Our band needs a committed drummer. We have found a temporary one for now. He's just very unreliable as we found out before. If your interested in playing classic rock from the 80's and 90's then come out an play with us to see if we are compatible. We play Fridays at the Rehearsal Factory on Front and Sherbourne.

Drummers are a very rare commodity! I have add scattered all over different sites on the internet!


----------



## Guest (Jun 21, 2016)

Lola said:


> Drummers are a very rare commodity!


Especially on a guitar forum. lol.
Good luck in your search.


----------



## Hamstrung (Sep 21, 2007)

laristotle said:


> Especially on a guitar forum. lol.


Du dum...st..


----------



## Granny Gremlin (Jun 3, 2016)

I'm a rarity; awesome (sorry OP; in too many bands already).


----------



## Lola (Nov 16, 2014)

laristotle said:


> Especially on a guitar forum. lol.
> Good luck in your search.


LOL! But someone could know of someone. 

P.S. Not on top of my game today!


----------



## JBFairthorne (Oct 11, 2014)

Here, drummers don't seem to be nearly as hard to find as bass players...


----------



## Lola (Nov 16, 2014)

I found a temporary replacement for the drummer. He used to play guitar with us but sold it! He plays drums and said he would come help us out for the rest of the summer if need be. I still am on a mission to find a permanent replacement. I joined BandMix.ca and put some shout outs on that. I have some people as well that I have networked with that I can ask!


----------



## sulphur (Jun 2, 2011)




----------



## djmarcelca (Aug 2, 2012)

Here's your fill in


----------



## Lola (Nov 16, 2014)

djmarcelca said:


> Here's your fill in



Amazing! _ I want one NOW! _Seriously am looking into this right now! Thanks so much for the heads up. Exciting technology


----------



## BSTheTech (Sep 30, 2015)

Lola said:


> Amazing! _ I want one NOW! _Seriously am looking into this right now! Thanks so much for the heads up. Exciting technology



A Trio will give you a bass player as well. 

DigiTech TRIO


----------



## djmarcelca (Aug 2, 2012)

Lola said:


> Amazing! _ I want one NOW! _Seriously am looking into this right now! Thanks so much for the heads up.

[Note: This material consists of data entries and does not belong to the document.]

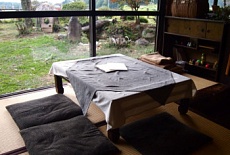 Три идеи из японских кофеен, которые можно перенять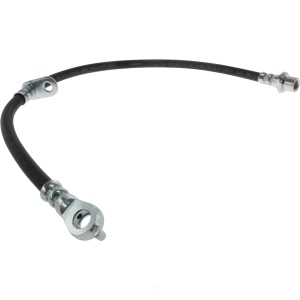 Centric Rear Driver Side Brake Hose for 2012 Toyota Camry - 150.44466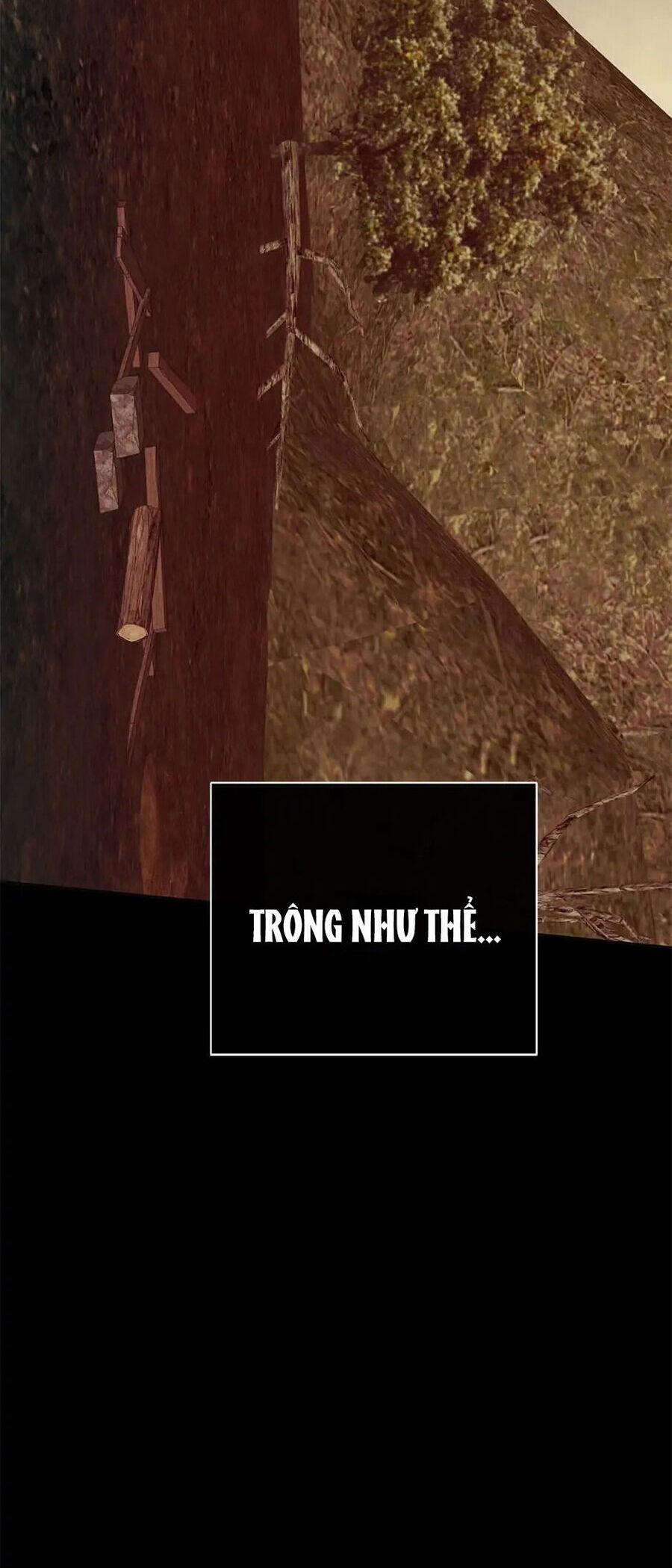 Xin Ngài Đừng Ăn Tôi 102 trang 15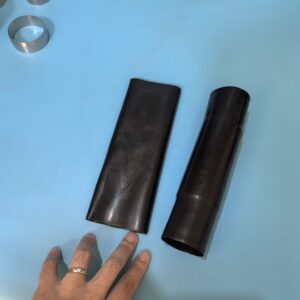 その他のゴム膜タイプ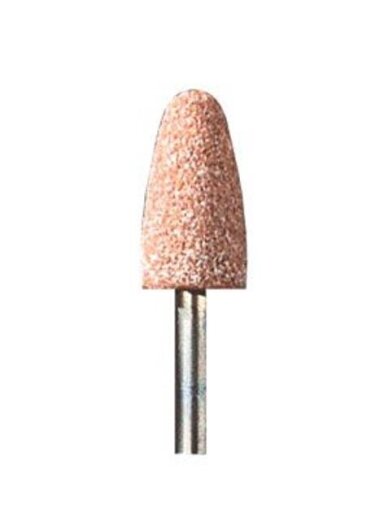 Šlifavimo akmenų komplektas Dremel 952, D9, 5 mm, 3 vnt Šlifavimo akmenų komplektas Dremel 952, D9, 5 mm, 3 vnt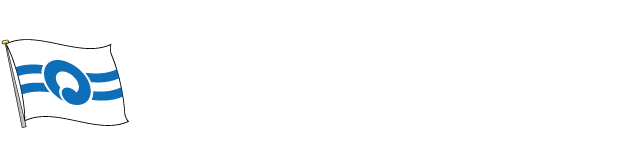 日本海事興業株式会社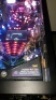 ALIEN LIMITED EDITION PINBALL MACHINE HEIGHWAY PINBALL #130/500 - 9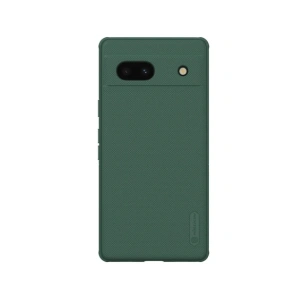 Hurtownia GSM - Nillkin Super Shield Pro Google Pixel 7 Grün - NLK1614 - {ean13} - Hurt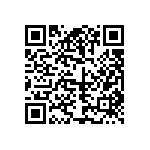 M39003-09-0266 QRCode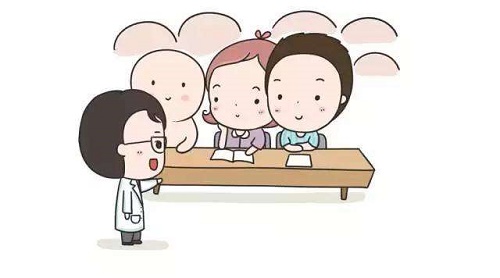 做试管婴儿，如何预防胚胎停育?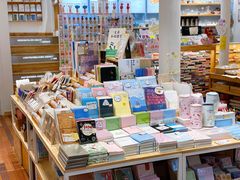 -猫的天空之城概念书店(杭州南宋御街店)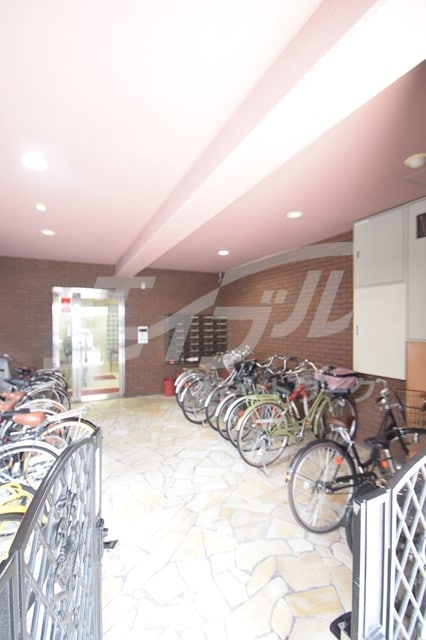  ア・ヴォートル・サンテ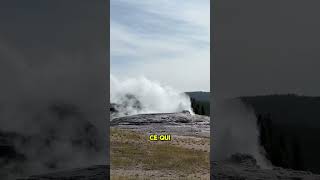 Astu déjà vu un Geyser [upl. by Inan]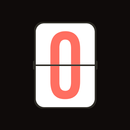 Daily Counter APK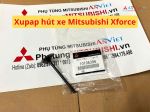 Xupap hút xe Mitsubishi Xforce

Exciting technology


If you get one let me know how well it works or doesn't. 
I've been playing with the idea of getting one as well


----------



## Lola (Nov 16, 2014)

I looked into them and brand new their just out of my budget! The one at L & M is $420 before taxes. I will looked for used on Kijiji!


----------



## GTmaker (Apr 24, 2006)

this has to be the most stupid suggestion I have seen on this forum...congrats...

G.



djmarcelca said:


> Here's your fill in


----------



## djmarcelca (Aug 2, 2012)

GTmaker said:


> this has to be the most stupid suggestion I have seen on this forum...congrats...
> 
> G.


The O.P. Seemed to like it.


----------



## vadsy (Dec 2, 2010)




----------



## Guest (Jun 27, 2016)

Patience Lola.
There's plenty of drummers out there.
Have you looked at all the 'drummer available/looking for a band' ads on bandmix/kijiji, elsewhere?
or are you just waiting for someone to answer your ad?


----------



## Lola (Nov 16, 2014)

Nah I got someone! Sorry, it was such a stupid question GT maker! I was so desperate to find a drummer that I didn't even think about posting here! 

We have a kick ass drummer! I was really proactive in my search.


----------



## Lola (Nov 16, 2014)

I did join BandMix.ca! The only catch with that is, in order to contact members your have to have a premium acct. I just left my email address in my profile. That's such a scam! 

I got an notification from another Toronto band asking me if I would like to join them. Surprised! Good for the ego!


----------



## Guest (Jun 29, 2016)

Nothing wrong with another project on the side.


----------



## Lola (Nov 16, 2014)

laristotle said:


> Nothing wrong with another project on the side.



The only problem is time. I can't dedicate anymore time! Now if I didn't have to work!


----------